Neuroscience and Robotics Lab, Northwestern University
Project Advisors: Professor Hartmann and Jarvis Schultz
GitHub link. [Private Repo. Please ask permission to view.]
Overview
Tracking the location and shape of deformable objects is a challenging and demanding problem in computer vision with numerous useful applications. The present work applies image processing techniques to track the head of an animal as it explores its environment. As the animal moves the environment its mouth, ears, and nose can all deform. Here the focus was specifically on the rat head and whisker array because rats are a common model system used in neuroscience to study sensorimotor control.
The goal of the project was to design and implement software to automatically track the rat's head in three dimensions (3D) based on video recordings from two high-speed (300 fps) cameras. The two video cameras were temporally synchronized and placed approximately orthogonal to each other. The project leveraged a morphologically-accurate 3D model of the rat head taken from the DigitalRat software package that was developed by The Hartmann Group at the Northwestern University.
Tracking the rat’s head was achieved in three steps: 1) computer vision techniques were used to isolate the rat. 2) custom algorithms were developed to parse the rat’s head from its body. 3) a brute-force algorithm was used to find the best fit of the 3D morphological template, projected into the two 2D camera views.
This project was implemented in Python and leveraged open source libraries.
Results
To facilitate use of the morphological model, first a library was developed for manipulation of the 3D RatMap Head template. The library includes functions for extracting the template point cloud from a .mat file, as well as functions for rotation, translation, scaling, plotting, etc. (Video 2)

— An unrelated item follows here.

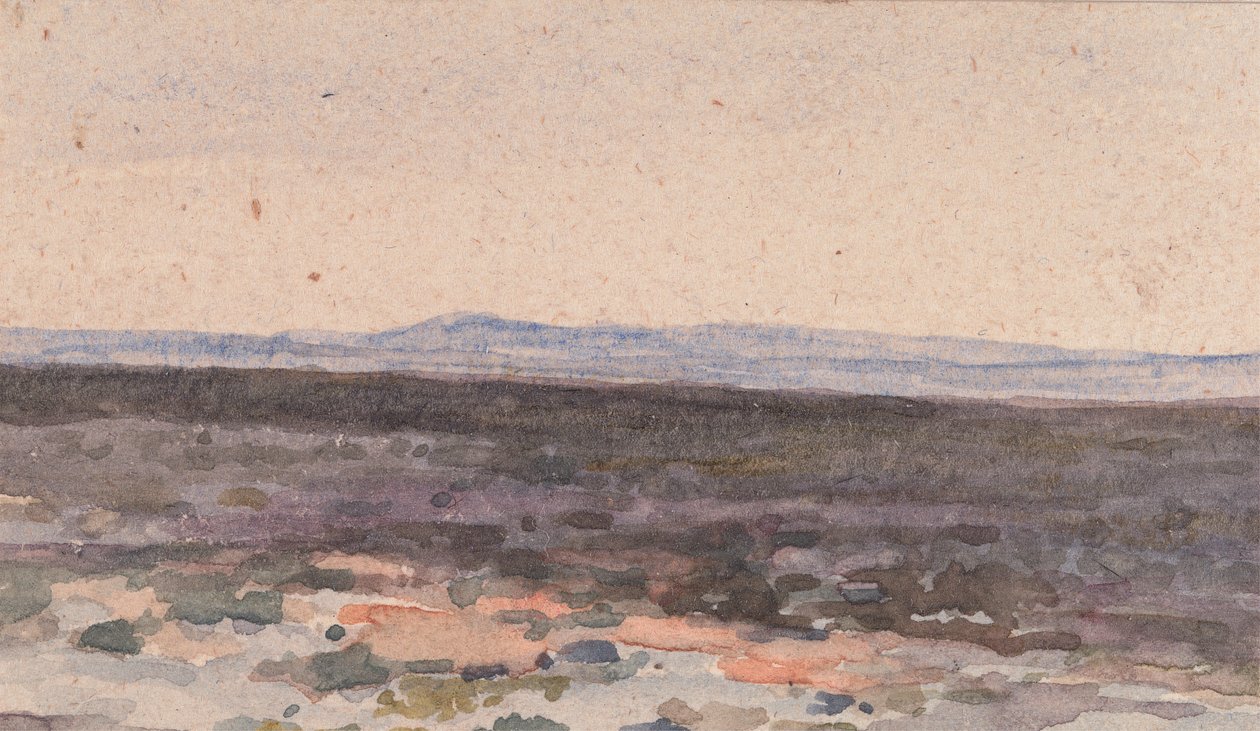 Landschap: Vallei met Berg in de Verte door William Collins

The tracking algorithm involves two major processing stages: rat head detection in each video frame and RatMap head template fitting via a brute force algorithm.

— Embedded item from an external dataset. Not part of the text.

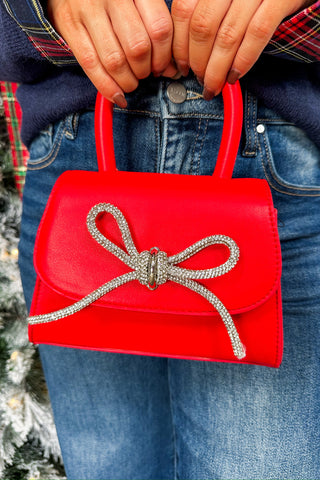 The Sparkle Season Hangbag in Red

The first stage leverages OpenCV libraries and custom computer vision functions in order to identify the location of the rat’s head. The following computer vision techniques were used: Low Pass Filter Convolution, Thresholding, Gaussian Mixture-based Background Segmentation, Canny Edge detection for contour generation with specific area threshold, Dilation, and Contrast Limited Adaptive Histogram Equalization.
The second processing stage involves a brute force algorithm for estimating 3D location, orientation, and scaling of the rat head. All combinations of rotation, translation and scale shifts were tested to produce the best fit of the 3D template's 2D projection onto each camera view. Information from both views was used simultaneously, in order to produce more accurate results.

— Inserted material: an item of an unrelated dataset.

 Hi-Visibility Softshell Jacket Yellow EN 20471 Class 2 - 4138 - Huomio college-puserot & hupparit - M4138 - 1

Once the tracked rat head locations and best orientation and translation estimates are determined for each video frame, bright green contours and 2D red template projections are superimposed on top of the video for visualization purposes. (Video 1)
Suggestions for algorithm improvements:
Estimate the direction of the rat's motion and incorporate it into the brute force algorithm, in order to minimize the error.
The software was tested with the assumption that the rat moves at a constant speed, which is not the case. Incorporating speed changes would increase tracking accuracy.
Feature detection and matching can also provide more information on the location and orientation of the rat. For instance, by using ORB (Oriented FAST and Rotated BRIEF) algorithm, extract key points and descriptors from each consecutive video frame, find matches between these descriptors, finally find how these descriptors translate between consecutive video frames (Video 3).